__Your goal__: Every line from the one that contains "Ｓーｈａｒｂａｒ　Ｌａｇｏｏｎ上永谷[1K/17.39m2]の周辺1" to the end of the records must be restated word for word. No other line belongs in the answer.

Short descriptive text snippets:
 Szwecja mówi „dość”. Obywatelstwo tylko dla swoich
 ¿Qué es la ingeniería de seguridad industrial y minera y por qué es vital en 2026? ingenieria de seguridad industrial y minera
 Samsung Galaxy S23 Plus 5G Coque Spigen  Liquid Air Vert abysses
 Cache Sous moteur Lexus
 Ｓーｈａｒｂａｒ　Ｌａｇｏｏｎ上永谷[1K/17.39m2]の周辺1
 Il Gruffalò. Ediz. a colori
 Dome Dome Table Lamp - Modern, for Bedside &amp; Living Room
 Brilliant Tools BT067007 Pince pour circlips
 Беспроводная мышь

__Solution to this problem__:
 Ｓーｈａｒｂａｒ　Ｌａｇｏｏｎ上永谷[1K/17.39m2]の周辺1
 Il Gruffalò. Ediz. a colori
 Dome Dome Table Lamp - Modern, for Bedside &amp; Living Room
 Brilliant Tools BT067007 Pince pour circlips
 Беспроводная мышь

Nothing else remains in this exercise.